• Work required
Only one stretch of the data below is wanted: the lines from the one with "NWT Badgley Mischka" through the one with "Снимка 4 от", repeated exactly.

START Listed entries

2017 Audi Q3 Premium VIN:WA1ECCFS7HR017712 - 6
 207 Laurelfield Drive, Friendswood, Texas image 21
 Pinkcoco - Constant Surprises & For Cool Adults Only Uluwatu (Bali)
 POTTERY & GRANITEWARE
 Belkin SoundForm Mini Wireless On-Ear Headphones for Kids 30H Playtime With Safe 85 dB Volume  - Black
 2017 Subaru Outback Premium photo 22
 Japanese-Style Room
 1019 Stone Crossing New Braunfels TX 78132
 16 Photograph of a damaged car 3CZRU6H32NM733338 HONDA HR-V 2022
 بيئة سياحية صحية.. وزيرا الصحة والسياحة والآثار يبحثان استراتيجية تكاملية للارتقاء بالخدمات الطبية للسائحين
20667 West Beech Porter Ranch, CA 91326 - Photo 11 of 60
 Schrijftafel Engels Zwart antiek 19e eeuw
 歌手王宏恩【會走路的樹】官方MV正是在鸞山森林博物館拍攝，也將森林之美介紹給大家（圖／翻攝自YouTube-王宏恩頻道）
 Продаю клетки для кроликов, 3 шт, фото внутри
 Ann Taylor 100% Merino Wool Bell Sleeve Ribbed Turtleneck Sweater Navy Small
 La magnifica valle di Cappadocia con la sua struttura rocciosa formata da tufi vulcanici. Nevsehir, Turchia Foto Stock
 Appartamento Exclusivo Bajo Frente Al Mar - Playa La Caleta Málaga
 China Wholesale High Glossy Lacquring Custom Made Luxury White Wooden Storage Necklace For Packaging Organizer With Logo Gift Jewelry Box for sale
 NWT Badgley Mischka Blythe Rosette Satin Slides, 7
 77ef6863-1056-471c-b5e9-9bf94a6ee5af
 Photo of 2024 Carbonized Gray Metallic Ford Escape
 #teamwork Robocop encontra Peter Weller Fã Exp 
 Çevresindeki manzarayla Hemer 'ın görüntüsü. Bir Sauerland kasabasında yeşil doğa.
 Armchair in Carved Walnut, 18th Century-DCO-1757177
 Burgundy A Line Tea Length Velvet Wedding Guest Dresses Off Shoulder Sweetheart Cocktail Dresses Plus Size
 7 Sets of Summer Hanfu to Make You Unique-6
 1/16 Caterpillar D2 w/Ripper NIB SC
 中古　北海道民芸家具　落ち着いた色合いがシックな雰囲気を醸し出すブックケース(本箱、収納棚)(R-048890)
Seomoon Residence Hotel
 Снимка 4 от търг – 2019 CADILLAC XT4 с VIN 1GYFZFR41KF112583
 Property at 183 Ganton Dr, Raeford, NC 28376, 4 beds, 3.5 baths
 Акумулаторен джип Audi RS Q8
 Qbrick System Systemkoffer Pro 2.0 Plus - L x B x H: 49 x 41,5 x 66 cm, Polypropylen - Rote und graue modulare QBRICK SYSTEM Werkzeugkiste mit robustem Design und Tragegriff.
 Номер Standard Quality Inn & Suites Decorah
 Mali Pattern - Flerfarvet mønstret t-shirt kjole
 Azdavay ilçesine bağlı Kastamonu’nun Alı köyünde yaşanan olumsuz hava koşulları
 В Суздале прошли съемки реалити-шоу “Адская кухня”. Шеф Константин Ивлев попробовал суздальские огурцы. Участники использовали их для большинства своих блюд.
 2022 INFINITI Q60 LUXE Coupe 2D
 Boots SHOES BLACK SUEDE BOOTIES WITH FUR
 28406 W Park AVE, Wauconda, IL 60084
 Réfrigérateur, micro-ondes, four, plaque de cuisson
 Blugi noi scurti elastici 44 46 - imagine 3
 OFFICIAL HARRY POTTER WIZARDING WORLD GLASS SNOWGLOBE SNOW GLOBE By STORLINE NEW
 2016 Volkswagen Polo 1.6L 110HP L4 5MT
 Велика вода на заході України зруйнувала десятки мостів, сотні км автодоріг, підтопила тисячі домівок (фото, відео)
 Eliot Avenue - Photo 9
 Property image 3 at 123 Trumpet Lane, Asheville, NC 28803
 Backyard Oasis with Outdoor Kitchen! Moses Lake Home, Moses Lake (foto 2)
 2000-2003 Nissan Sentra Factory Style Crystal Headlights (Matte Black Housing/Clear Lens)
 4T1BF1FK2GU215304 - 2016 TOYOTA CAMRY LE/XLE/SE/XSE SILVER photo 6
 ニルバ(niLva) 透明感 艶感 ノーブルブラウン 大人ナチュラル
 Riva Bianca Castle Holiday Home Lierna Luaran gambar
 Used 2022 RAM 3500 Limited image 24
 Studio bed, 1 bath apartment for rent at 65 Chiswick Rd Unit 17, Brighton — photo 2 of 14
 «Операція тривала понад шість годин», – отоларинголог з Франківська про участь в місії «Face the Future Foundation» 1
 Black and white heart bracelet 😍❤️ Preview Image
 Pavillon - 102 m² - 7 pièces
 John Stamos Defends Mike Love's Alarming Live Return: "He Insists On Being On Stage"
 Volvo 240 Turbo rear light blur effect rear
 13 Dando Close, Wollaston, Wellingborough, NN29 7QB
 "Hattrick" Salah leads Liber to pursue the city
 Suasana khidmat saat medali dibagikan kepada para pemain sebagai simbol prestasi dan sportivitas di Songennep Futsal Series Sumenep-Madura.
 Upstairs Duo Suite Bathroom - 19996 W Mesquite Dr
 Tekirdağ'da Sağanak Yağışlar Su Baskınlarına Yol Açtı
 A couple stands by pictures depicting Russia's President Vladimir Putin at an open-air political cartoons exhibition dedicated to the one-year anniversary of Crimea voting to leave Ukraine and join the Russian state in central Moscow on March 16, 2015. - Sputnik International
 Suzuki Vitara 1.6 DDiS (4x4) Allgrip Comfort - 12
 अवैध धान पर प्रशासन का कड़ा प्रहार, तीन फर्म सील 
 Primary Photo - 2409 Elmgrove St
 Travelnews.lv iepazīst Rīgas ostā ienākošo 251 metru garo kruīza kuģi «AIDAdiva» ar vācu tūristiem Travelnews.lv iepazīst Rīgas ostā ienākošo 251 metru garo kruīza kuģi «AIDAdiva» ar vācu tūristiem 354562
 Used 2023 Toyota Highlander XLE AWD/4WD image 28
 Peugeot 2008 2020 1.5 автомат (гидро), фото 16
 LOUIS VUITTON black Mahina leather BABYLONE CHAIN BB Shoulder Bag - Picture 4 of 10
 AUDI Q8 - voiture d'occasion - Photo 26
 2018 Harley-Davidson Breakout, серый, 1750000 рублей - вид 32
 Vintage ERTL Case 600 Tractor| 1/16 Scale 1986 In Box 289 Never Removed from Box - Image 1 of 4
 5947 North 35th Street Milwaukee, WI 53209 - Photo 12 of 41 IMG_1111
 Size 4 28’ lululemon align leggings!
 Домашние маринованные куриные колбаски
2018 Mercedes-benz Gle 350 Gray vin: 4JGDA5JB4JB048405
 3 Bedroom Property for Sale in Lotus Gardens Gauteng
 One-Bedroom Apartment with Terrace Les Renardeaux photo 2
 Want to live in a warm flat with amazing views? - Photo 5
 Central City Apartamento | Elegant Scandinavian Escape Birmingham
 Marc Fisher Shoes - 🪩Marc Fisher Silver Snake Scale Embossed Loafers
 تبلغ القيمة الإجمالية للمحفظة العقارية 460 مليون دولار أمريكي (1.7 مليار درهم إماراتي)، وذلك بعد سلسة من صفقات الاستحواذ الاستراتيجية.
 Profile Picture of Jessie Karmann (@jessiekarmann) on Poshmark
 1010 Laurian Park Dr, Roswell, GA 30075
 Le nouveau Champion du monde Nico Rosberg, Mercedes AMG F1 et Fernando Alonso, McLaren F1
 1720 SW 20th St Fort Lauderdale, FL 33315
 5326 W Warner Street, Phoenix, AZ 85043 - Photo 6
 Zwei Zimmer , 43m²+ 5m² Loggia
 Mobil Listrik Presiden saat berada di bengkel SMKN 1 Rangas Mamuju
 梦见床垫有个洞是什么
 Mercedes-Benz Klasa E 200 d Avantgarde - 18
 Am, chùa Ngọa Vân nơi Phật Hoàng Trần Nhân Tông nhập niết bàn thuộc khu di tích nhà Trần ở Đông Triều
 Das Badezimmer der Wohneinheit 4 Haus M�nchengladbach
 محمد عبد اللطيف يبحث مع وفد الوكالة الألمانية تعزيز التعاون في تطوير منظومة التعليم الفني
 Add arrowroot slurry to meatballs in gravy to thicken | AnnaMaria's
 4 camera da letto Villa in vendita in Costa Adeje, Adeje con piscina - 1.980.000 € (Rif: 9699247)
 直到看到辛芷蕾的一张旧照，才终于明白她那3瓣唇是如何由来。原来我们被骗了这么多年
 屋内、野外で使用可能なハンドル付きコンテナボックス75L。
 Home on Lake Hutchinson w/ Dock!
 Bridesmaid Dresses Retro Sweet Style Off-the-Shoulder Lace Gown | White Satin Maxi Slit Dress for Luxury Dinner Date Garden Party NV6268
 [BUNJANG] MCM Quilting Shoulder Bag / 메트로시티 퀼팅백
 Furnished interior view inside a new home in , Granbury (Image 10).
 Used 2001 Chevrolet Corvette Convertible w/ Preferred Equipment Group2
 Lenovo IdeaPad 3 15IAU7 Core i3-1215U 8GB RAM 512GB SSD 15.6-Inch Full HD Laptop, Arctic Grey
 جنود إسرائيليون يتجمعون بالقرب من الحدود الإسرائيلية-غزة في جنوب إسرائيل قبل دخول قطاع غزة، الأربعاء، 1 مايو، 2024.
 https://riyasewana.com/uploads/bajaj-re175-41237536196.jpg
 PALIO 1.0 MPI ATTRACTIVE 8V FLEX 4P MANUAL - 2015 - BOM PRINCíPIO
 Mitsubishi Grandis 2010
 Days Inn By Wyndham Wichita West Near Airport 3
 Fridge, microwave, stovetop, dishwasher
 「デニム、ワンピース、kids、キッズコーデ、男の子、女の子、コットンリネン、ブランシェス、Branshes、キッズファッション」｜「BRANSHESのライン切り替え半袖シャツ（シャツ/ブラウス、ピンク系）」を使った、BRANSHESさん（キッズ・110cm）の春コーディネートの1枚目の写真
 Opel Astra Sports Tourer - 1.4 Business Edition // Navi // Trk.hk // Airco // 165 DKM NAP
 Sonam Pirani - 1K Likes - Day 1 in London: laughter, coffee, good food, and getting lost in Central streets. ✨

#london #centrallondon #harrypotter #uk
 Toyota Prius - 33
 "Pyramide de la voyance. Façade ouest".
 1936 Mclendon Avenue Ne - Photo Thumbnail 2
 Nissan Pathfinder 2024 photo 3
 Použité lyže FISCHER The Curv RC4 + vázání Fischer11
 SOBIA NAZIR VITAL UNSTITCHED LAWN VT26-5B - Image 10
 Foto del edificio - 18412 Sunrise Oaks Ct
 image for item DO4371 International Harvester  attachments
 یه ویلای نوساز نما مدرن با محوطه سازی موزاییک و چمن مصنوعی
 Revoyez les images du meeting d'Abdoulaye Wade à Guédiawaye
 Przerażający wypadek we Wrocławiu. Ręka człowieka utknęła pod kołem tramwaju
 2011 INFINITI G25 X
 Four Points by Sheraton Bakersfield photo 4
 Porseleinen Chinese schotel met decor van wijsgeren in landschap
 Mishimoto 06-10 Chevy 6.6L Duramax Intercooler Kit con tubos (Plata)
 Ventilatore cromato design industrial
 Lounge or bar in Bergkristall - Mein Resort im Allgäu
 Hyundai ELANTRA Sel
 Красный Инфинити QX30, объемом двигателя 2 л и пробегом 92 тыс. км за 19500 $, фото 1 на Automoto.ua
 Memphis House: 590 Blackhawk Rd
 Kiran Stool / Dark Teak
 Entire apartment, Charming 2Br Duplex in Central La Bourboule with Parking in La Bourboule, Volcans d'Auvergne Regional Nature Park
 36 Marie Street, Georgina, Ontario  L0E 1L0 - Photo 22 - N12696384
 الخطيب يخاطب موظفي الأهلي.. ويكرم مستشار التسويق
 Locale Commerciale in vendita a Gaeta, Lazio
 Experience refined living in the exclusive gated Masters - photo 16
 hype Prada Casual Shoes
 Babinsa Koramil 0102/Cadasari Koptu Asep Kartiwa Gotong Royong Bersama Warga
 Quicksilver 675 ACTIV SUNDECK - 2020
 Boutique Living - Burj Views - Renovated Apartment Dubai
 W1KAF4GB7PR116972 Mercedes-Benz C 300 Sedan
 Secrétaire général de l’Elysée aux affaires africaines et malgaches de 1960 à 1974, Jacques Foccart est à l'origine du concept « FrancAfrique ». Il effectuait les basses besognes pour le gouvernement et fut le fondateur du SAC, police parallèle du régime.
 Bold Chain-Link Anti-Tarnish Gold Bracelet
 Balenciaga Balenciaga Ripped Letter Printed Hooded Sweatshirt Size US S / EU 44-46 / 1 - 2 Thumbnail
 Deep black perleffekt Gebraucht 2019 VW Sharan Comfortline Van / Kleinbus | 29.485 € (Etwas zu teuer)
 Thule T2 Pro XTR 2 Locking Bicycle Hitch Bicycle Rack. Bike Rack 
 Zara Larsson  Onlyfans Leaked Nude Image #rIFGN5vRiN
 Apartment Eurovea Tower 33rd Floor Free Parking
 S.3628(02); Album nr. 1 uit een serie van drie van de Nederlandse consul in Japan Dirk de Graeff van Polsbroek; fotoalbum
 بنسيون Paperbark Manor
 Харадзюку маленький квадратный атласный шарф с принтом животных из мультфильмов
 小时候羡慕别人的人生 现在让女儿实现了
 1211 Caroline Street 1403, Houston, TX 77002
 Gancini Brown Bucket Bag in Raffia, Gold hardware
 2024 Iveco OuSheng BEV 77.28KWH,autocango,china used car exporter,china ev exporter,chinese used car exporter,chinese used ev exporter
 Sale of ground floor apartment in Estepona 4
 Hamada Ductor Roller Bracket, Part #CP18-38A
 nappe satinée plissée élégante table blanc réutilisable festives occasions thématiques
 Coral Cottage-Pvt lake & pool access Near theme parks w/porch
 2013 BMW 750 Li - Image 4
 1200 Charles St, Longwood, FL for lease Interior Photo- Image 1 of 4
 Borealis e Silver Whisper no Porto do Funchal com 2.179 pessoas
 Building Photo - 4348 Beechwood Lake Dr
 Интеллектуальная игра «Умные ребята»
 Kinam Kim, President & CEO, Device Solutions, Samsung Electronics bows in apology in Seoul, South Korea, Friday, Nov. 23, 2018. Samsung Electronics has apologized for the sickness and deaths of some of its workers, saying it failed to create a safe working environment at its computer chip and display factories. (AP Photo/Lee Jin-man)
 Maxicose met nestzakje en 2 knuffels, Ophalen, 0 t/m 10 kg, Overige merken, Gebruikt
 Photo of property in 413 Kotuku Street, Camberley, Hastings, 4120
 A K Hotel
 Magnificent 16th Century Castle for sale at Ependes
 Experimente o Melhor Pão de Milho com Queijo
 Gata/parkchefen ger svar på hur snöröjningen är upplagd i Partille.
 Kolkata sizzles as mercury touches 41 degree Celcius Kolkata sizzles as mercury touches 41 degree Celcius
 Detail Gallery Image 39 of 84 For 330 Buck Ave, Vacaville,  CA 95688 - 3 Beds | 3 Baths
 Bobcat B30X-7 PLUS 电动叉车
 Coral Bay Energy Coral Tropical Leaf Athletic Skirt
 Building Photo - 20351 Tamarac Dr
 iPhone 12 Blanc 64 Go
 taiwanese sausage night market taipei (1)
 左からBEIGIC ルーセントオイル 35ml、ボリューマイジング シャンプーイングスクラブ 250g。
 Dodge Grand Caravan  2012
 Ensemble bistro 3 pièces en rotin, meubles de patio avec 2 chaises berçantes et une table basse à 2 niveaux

END Listed entries

• Completed task
 NWT Badgley Mischka Blythe Rosette Satin Slides, 7
 77ef6863-1056-471c-b5e9-9bf94a6ee5af
 Photo of 2024 Carbonized Gray Metallic Ford Escape
 #teamwork Robocop encontra Peter Weller Fã Exp 
 Çevresindeki manzarayla Hemer 'ın görüntüsü. Bir Sauerland kasabasında yeşil doğa.
 Armchair in Carved Walnut, 18th Century-DCO-1757177
 Burgundy A Line Tea Length Velvet Wedding Guest Dresses Off Shoulder Sweetheart Cocktail Dresses Plus Size
 7 Sets of Summer Hanfu to Make You Unique-6
 1/16 Caterpillar D2 w/Ripper NIB SC
 中古　北海道民芸家具　落ち着いた色合いがシックな雰囲気を醸し出すブックケース(本箱、収納棚)(R-048890)
Seomoon Residence Hotel
 Снимка 4 от търг – 2019 CADILLAC XT4 с VIN 1GYFZFR41KF112583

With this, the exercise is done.